#### Data for this exercise

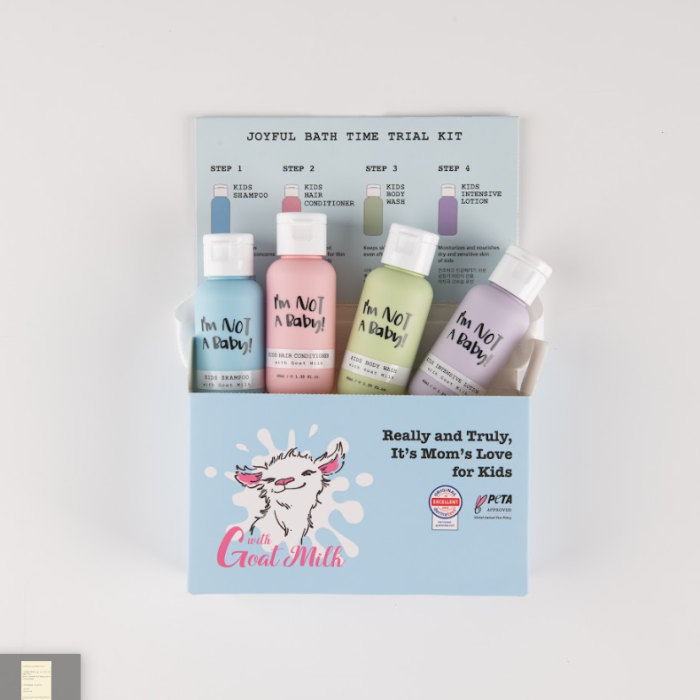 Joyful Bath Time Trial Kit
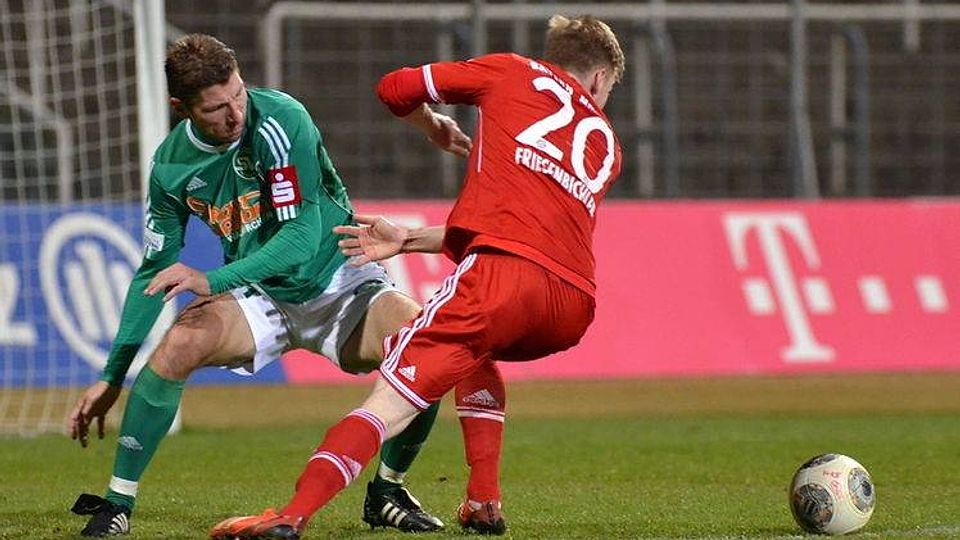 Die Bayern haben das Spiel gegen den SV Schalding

########
#### Data for this exercise

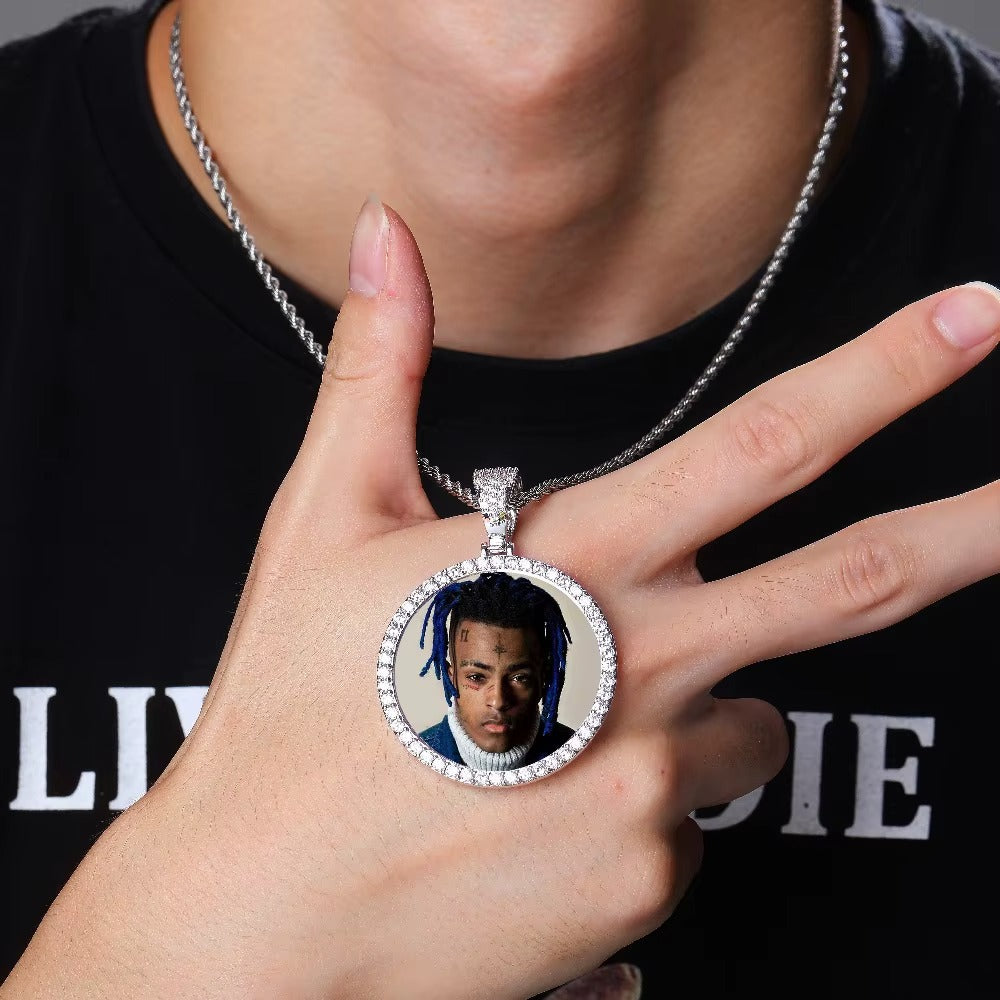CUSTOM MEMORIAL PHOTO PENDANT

########

Task prompt — Exact repeat of the material above: every line from the one with "Joyful Bath Time Trial Kit" through the one with "Die Bayern haben", endpoints included, and nothing more. No pictures.

Task response —
 Joyful Bath Time Trial Kit
 Die Bayern haben das Spiel gegen den SV Schalding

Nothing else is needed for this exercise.